Hinzu kommt erschwerend, dass der Konflikt zwischen dem Erblasser und seinem Sohn seinen Ursprung in der außerehelichen Affäre des Erblassers und der Beteiligte zu 2) hatte. Es könne jedoch nicht sein, dass ein Verhalten des Erblassers und die (nachvollziehbare) Reaktion des Sohnes hierauf, als außergewöhnliches Fehlverhalten des Sohnes ausgelegt werde. Gerade vor dem Hintergrund, dass es sich vorliegend um ein gemeinschaftliches Ehegattentestament handelt, könne ausgeschlossen werden, dass die Ehegatten einen solchen Fall im Blick gehabt hätten, bei dem ein Streit zwischen dem Letztversterbenden und dem gemeinsamen Sohn aufgrund einer außerehelichen Beziehung des Letztversterbenden beruhe.

Änderung des Testaments ausgeschlossen

Die Konsequenz dieser richterlichen Beurteilung war, dass eine Abänderung der Schlusserbenbestimmung an der Bindungswirkung des ursprünglichen Testaments scheiterte. Die abweichende Anordnung war unwirksam und somit bekam letztendlich der Beteiligte zu 1) recht und erhielt einen Erbschein, der ihn als Alleinerben auswies.

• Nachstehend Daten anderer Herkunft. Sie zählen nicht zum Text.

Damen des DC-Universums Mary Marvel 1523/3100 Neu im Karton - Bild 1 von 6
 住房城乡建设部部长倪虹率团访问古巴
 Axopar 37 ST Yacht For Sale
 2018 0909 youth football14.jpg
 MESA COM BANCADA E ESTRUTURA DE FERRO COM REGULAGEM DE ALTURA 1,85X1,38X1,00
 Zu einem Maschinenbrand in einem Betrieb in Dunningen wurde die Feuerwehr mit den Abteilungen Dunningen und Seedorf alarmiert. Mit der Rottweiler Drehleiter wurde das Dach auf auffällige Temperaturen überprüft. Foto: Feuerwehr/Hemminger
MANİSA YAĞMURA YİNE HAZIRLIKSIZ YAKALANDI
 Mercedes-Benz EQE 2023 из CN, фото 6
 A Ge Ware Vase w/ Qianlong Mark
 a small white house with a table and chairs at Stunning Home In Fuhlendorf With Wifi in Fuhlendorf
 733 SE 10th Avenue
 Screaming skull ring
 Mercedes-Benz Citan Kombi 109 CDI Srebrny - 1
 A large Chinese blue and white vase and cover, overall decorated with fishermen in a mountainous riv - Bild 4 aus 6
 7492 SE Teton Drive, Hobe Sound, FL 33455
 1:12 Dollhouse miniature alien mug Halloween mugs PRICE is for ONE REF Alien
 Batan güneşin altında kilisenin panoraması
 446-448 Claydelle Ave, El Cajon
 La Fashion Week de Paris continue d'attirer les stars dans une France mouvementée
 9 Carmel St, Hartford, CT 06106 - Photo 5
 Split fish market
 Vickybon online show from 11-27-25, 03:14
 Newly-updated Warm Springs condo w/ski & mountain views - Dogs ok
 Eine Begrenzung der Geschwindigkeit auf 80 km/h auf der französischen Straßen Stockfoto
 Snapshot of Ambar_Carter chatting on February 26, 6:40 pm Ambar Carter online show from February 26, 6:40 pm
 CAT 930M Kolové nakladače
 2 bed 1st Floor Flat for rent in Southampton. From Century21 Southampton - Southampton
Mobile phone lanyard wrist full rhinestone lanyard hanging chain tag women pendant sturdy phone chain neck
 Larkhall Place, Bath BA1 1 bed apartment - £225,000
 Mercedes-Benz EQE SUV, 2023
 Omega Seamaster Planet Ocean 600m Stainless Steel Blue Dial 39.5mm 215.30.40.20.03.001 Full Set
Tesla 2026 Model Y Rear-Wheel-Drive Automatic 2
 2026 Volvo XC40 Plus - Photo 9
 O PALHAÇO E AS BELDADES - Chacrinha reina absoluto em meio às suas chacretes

Die Entscheidung des Oberlandesgerichts zeigt deutlich auf, dass allein die Aufnahme eines Änderungsvorbehalts in ein gemeinschaftliches Ehegattentestaments keineswegs dem überlebenden Ehegatten freie Hand gewährt, die gemeinsam getroffenen Regelungen nach dem Tod des Ehegatten wieder einseitig aufzuheben. Insbesondere auslegungsfähige Vorbehaltstatbestände sind – wie im dargestellten Fall – sehr streitanfällig und sollten daher – wenn überhaupt - nur großer Vorsicht und nach fachkundiger Beratung eingesetzt werden.